International Women’s Day 2019 has taken the theme of #BalanceforBetter,
to raise awareness of the ongoing need for a more gender-balanced world. After
all, it seems fairly sensible to assume that a balanced world is a better world.
This led me to think through the CRED portfolio of partners,
and to consider how gender-balanced are the organisations that we partner with?
Top of the list are the three partners that are headed up by
women:
Alice heading up Butterfly Space in Malawi, Etenesh who
founded and leads Berhan Lehetsanat in Ethiopia, and Janaki who did similar
with FIAM in India
And then if we dig a bit deeper we find Seble and Sabah
supporting Nebiyu at Ellilta, Josephine co-leading with Aaron at Chisomo, and
Pendo heading up the community work with Daniel at TVST.

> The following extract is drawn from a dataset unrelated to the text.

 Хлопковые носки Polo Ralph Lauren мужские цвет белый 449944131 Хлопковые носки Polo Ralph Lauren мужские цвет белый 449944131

Add in Cherry, who founded Ellilta, and Dr Jember, who
founded IHA-UDP which in turn gave birth to AHISDO and CBISDO, and we have a
wonderful set of inspiring women who are all making massive differences in the
world, and really raising the profile of women in leadership.
But, they are working in cultures and communities where
gender-balance is often anything but the norm, and where day after day they are
having to take a stand against patriarchal and unequal mindsets.

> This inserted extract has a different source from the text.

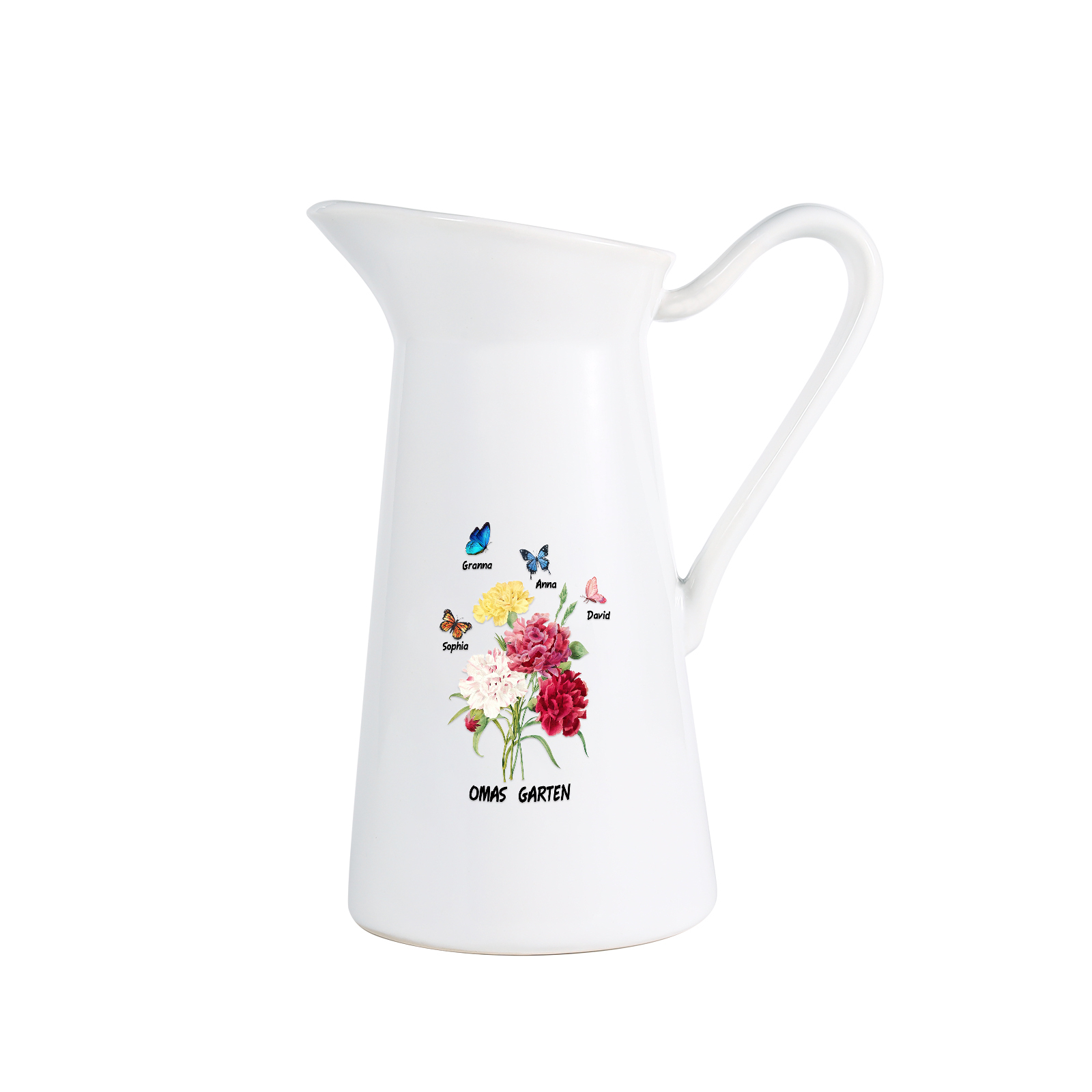 Personalisierte 4 Namen & Text Blumen & Schmetterling Gießvase mit Henkel Familie Vase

Child-brides, abusive and arranged marriages, domestic
servitude, prostitution, communities where it is the cultural norm for the men
to sit and discuss the day whilst the women go out to work, girls who miss out
on education because they are expected to stay home and look after the younger
siblings, girls who arrive late at school because they first had to collect
water, girls who miss one-quarter of their education because every month they
are unable to attend due to a lack of tampons or sanitary pads, – these are just some of the issues that our
partners are experiencing in the communities in which they work.
And gently, subversively, tactfully, through action and
example, our partners are making inroads, and changing mindsets. Women are
being given a voice, girls are equipped to be able to attend school even when
on their period, provision is put in place so that children are looked after,
conversations are had with community leaders to discuss how to tackle some of
the patriarchal and cultural norms that are no longer seen as acceptable.
This is being done by the women I’ve mentioned, but it is
also being done by our other partners, who happen to be led by men, but who are
just as focussed on pursuing the rights of girls and women in the communities
in which they are based, and through the work that they are doing.
This International Women’s Day, as we celebrate the role of
women around the globe, I give thanks for our partners, and for all that they
are doing to forge a more equal, gender-balanced world.
And I ask myself, and you (if you’d like the challenge),
what can we do - in our communities, our schools, our places of work - to help
raise awareness against gender bias, to help promote gender equality, and to
take steps, one at a time, towards a more just and equal society for all.